Tag: captain

2 records found
Letter fragment addressed to Ḥusayn al-Ṣabbagh al-Ḍāmin in formal style and in curious script of large characters, asking the recipient to pay 1/6 dinars for the hire of a boat, for which the writer had pawned his clothing with the captain al-Rayyis al-Ḥayfī. The writer is hungry and thirsty. It seems he ate something that gave him a bad case of gas ("wa-alqaʾat al-riyāh fī jawfī"), and he has not eaten anything since. Mentions Amīr al-Juyūsh and Saniyy al-Dawla. Information in part from Goitein's index card. Handwriting is the same as ENA 3360.7 (another letter) and may be the same as DK 344 (literary). ASE.
Legal testimony. In Arabic script. Dated: First decade of Rabīʿ I 486 AH, which is April 1093 CE. Apparently concerning some confusion over shipments of produce (ghalla) from two tax farmers (? bi-rasmi muqṭaʿayn).

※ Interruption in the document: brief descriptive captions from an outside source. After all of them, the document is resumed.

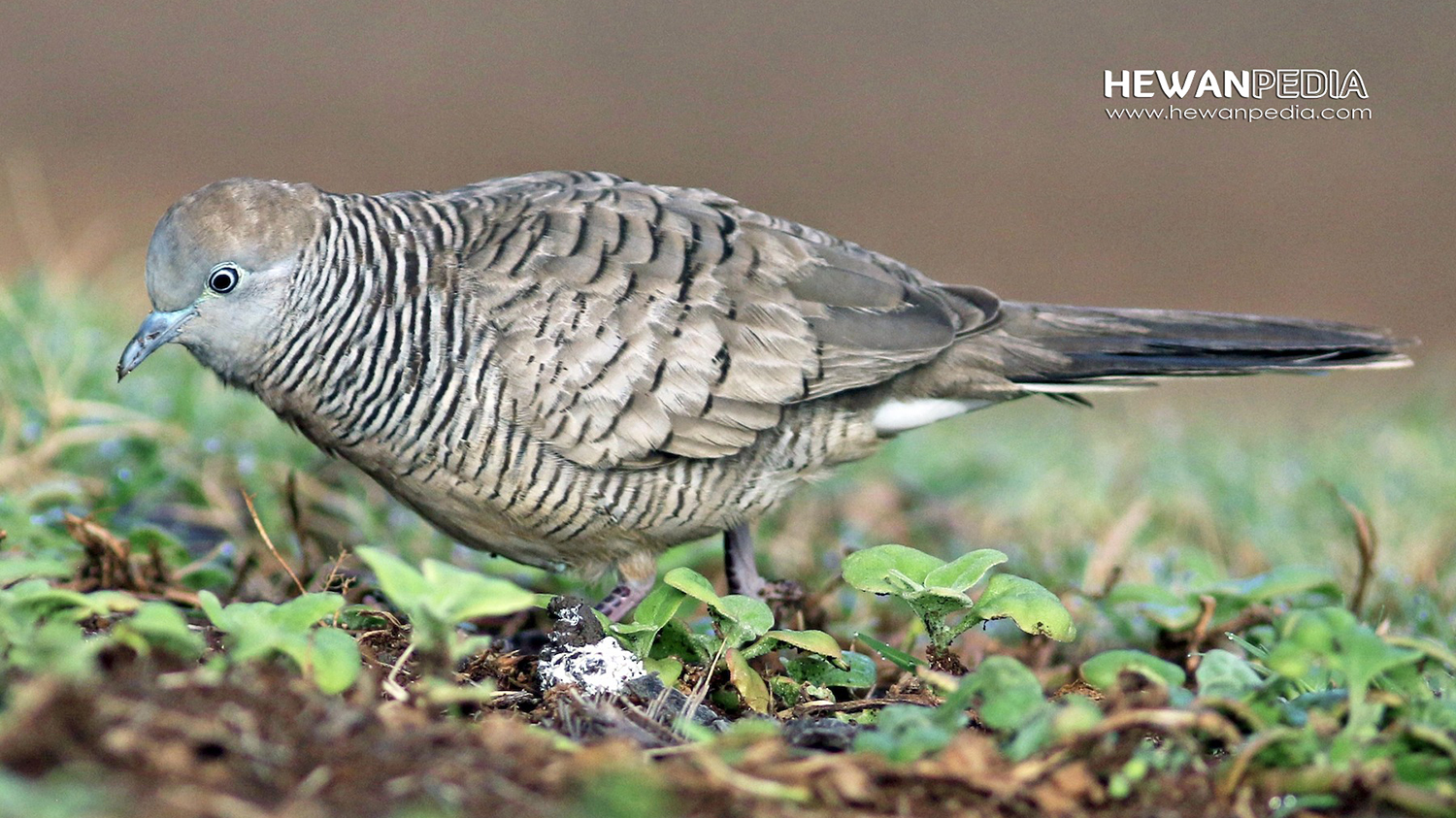 5 Jenis Dan Ciri Kepala Perkutut Katuranggan Beserta Artinya - Hewanpedia 843_X_1500_jpg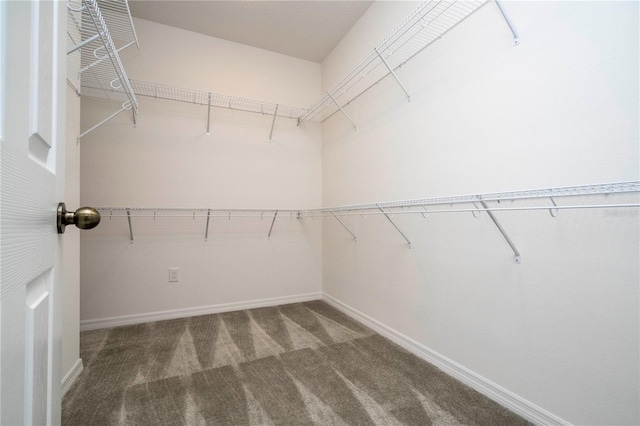 walk in closet with carpet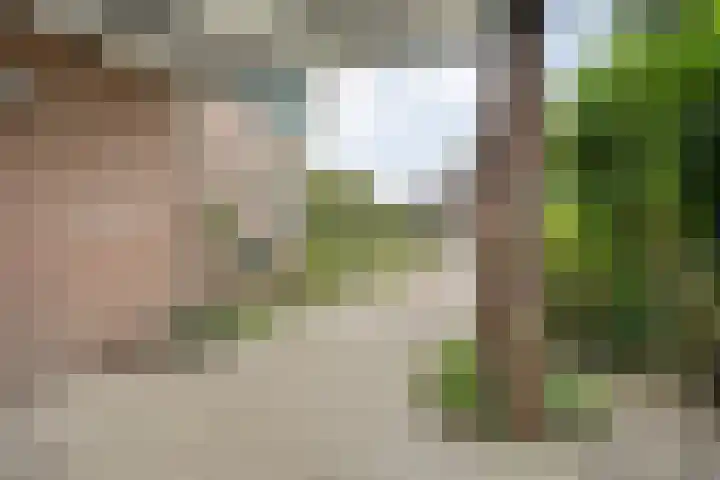de Havekamp 40 Luttenberg thumbnail 9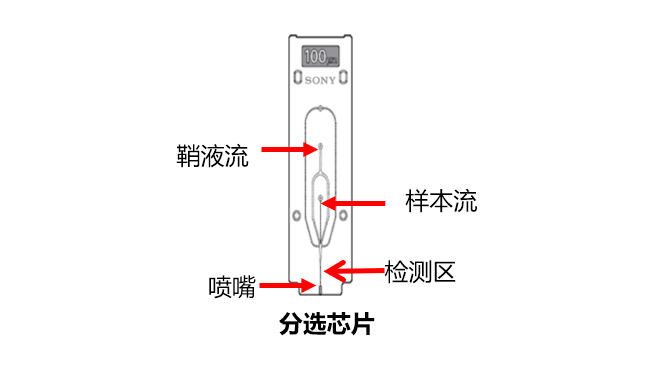 MA900 多功能流式分选仪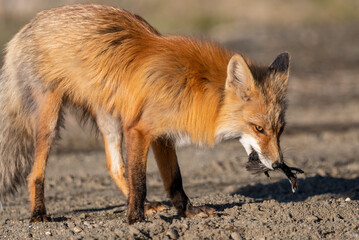 Wild red fox seen in natural environment with a dead bird in its mouth with dirt landscape surrounding the single, adult animal in northern Canada, Yukon Territory. 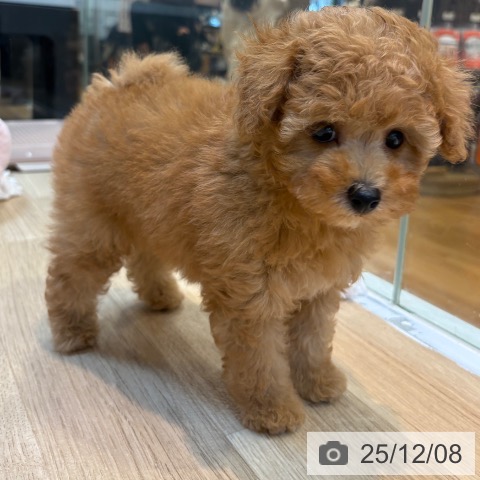 トイ・プードルの写真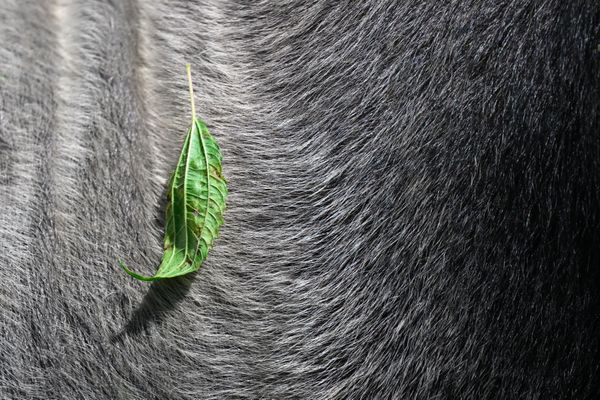 Leaf on Silverback Gorilla - Bwindi Impenetrable Forest thumbnail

The captain/owner (rayyis) of the ship who delivered the produce to the arsenal (Dār al-Ṣināʿa) may be insisting that the taxes have already been paid on these shipments. (For more on the Fatimid arsenal, see David Bramoullé, Les Fatimides et la mer (909-1171) (Leiden, 2019), ch. 5.) The rayyis swears by God, by the caliph al-Mustanṣir, and by another person titled amīr al-juyūsh, sayf al-islām, nāṣir al-imām, chief dāʿī, etc. (=Badr al-Jamālī?). (Information in part from the Baker & Polliack catalogue.) Needs further examination.